KINKIステーションはリハーサルを終え、公開録画が行われている最中である。
今は最初のトークコーナーが終了して、最初の休憩の時間だ。

「ほー・・・やっぱり凄いもんだなぁ・・・」

まだ出番の来ない横島は、セットの裏側で待機しつつ収録の様子を眺めている。

「皆さんの出番はこの休憩の後になります。こちらで指示したら順番に出て行ってください。」

そのスペースには、芸能人達のそれぞれの幼馴染が揃っていた。
上は40歳ちょっとくらいのおじさんから、下は制服姿の女子高生まで合計7人が今まで一緒に出番を待っている。

「すいませ〜ん♪」
「はい?」

と、女子高生の3人組が横島に声をかけて来た。

「近畿君の幼馴染なんですよね?」
「近畿君って普段はどんな事してるんですか?」

この3人組は、シャインの幼馴染達である。全員同じ制服を着た高校生だった。

「銀・・・近畿君の普段って言ってもな・・・・・・俺らって頻繁に会ってる訳でもないんだよね。君たちは普段から良く会ってるの?」

答えることに困った横島が逆に聞く。

「そうですね〜♪」
「私たちって〜・・・それぞれは小学生の時からの幼馴染なんですけど、高校に入ってから知り合ったんですよ〜♪」
「それ以来すっかり仲良くなっちゃって・・・」
「ね〜♪」

女の子たちのマシンガントークが始まる。

「あ、そう言えば自己紹介してなかったですよね?私は朝井ミユ(あさい みゆ)の幼馴染で斎藤えり子(さいとう えりこ)って言います。」
「私は井上椿(いのうえ つばき)の幼馴染で中村由紀(なかむら ゆき)で〜す♪」
「上田翔子(うえだ しょうこ)の幼馴染、金子弘子(かねこ ひろこ)!宜しく♪」

一方的に話しまくって・・・

―― なんだかな〜 ――

横島はなんだか、自分が歳を取った気分を味わっていた。
自分が高校生だったのはまだ1年前の話だというのに、目の前の3人からは若さを感じるということはいささか複雑な思いである。

「それでそれで!近畿君ってやっぱり普段から格好良いですか?」
「家では自炊してるんですよね?」
「そういえばこの間・・・」

以後、横島が全然知らない銀一の私生活が語られていった。
それを聞くたびに、やっぱり銀一がスターだということを思い知らされる。

「やあ、君は学生かい?」

そこに、もう2人が会話に入ってきた。横島以外の2人の男性陣。

「俺は階戸啓二(しなと けいじ)、秋田亮(あきた りょう)の幼馴染だ。」
「私は馬場篤(ばば あつし)と言います。原寛一(はら かんいち)の幼馴染です。宜しく。」

馬場と名乗る45歳くらいの男性が差し出した右手につられて、横島も右手を出して挨拶を返す。

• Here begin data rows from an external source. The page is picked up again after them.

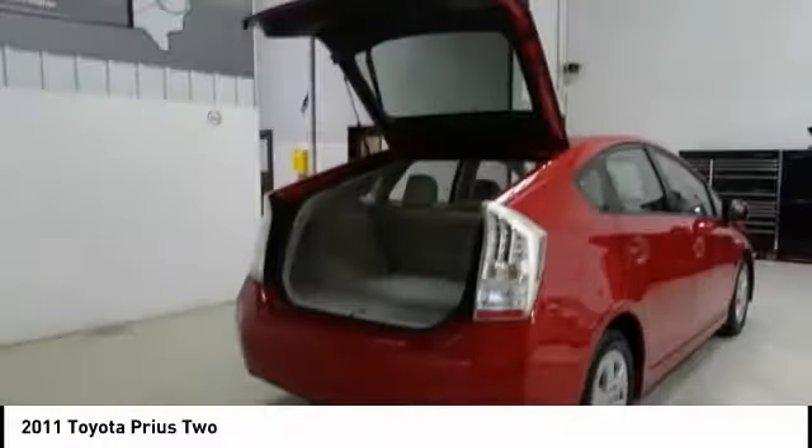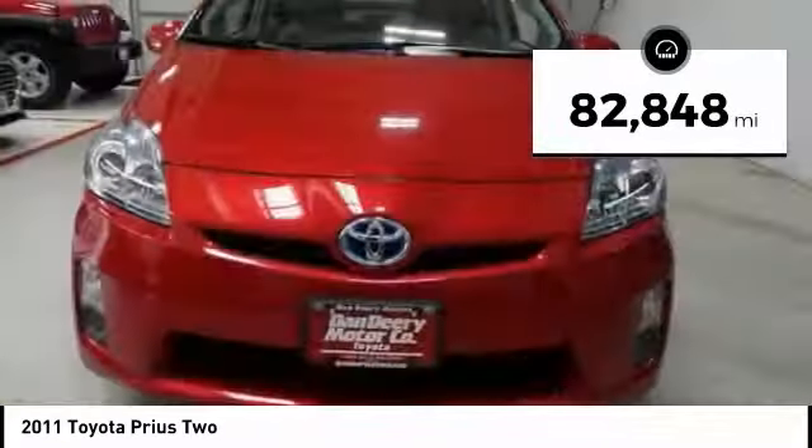One reason for its EPA-estimated combined 50 miles per gallon rating — this vehicle has less than 85,000 miles.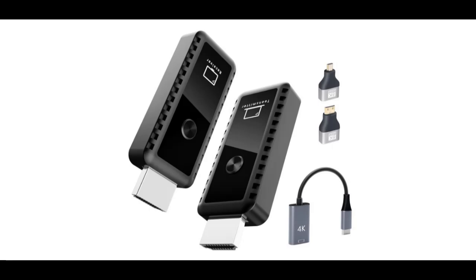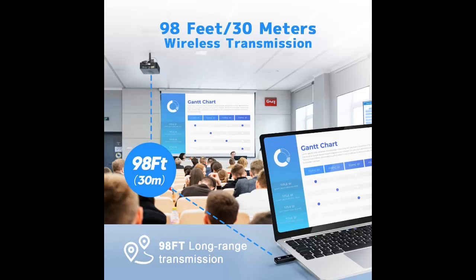Introducing the Kioply Wireless HDMI Transmitter and Receiver. It includes Plug and Play wireless transmission — tired of HDMI cable tangles? Our wireless HDMI transmitter and receiver do not need Wi-Fi, app, Bluetooth, or drivers. Just plug and play, easy to connect within 10 seconds.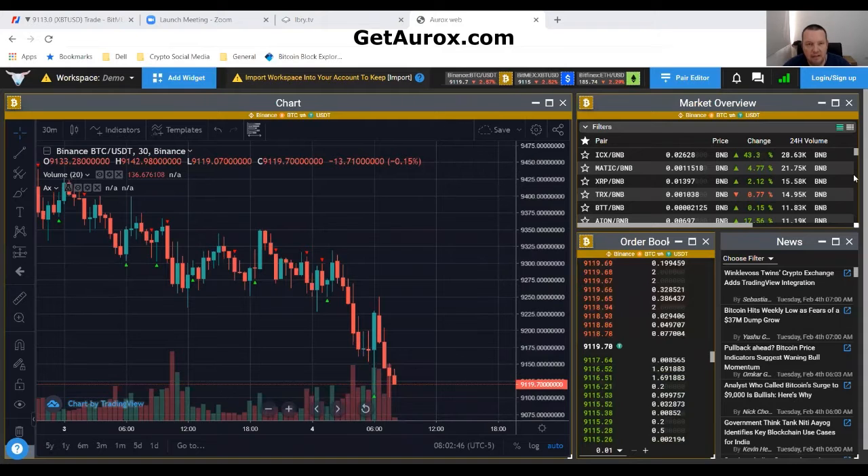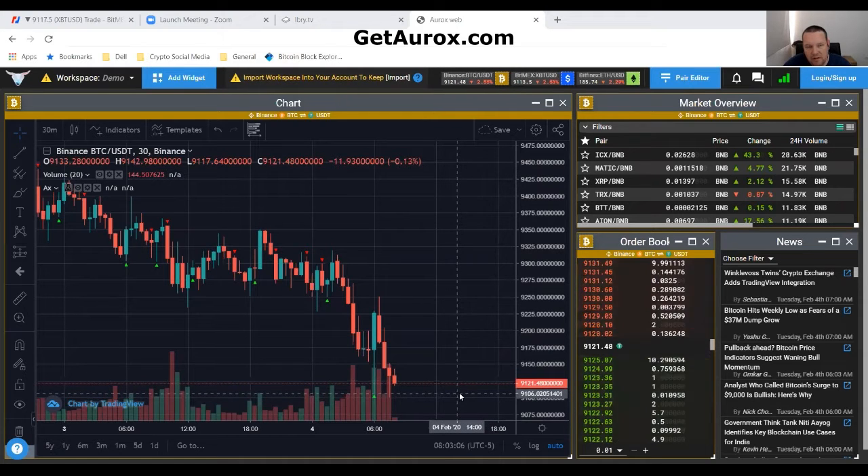Good morning, everybody. It's Randy Halarski here with your indicators for Bitcoin using the Orox platform. This is the 30-minute chart on Binance, and we have a green buy signal. It looks like about an hour ago at $91.06.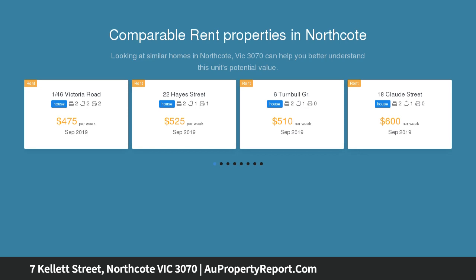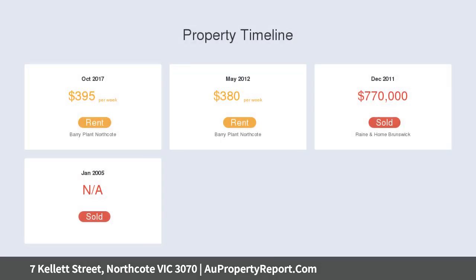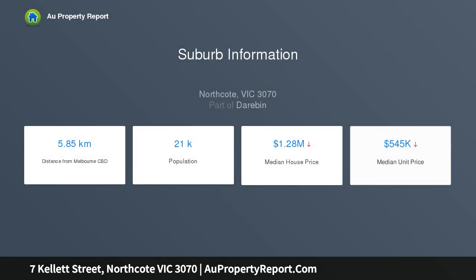This two-bedroom home on approximately 455 sqm presents many appealing possibilities for a stellar future. Immediately livable with abundant leisure space, a versatile living room with extremely generous proportions, and a meals area next to the kitchen with gas stove and timber counter.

「あ、どうもご丁寧に。俺は横島忠夫って言います。近畿剛一の幼馴染ってことで来てます。こちらこそ宜しく。」

秋田亮は24歳のロックミュージシャンで、女性は勿論、男性にも人気が高い。尚、この間出した新曲は現在3週連続売上ランキング3位以内にある。
一方、原寛一は46歳のベテラン俳優。時代劇から現代モノまで幅広く活躍している人気俳優だ。密かに横島もファンである。

「あ、ねえ!君もこっちに来なよ!」
「え?ああ、はい。」

一人だけ輪から外れた形になった女性に、階戸が声をかける。こちらは3人組とは違う制服の女子高生だった。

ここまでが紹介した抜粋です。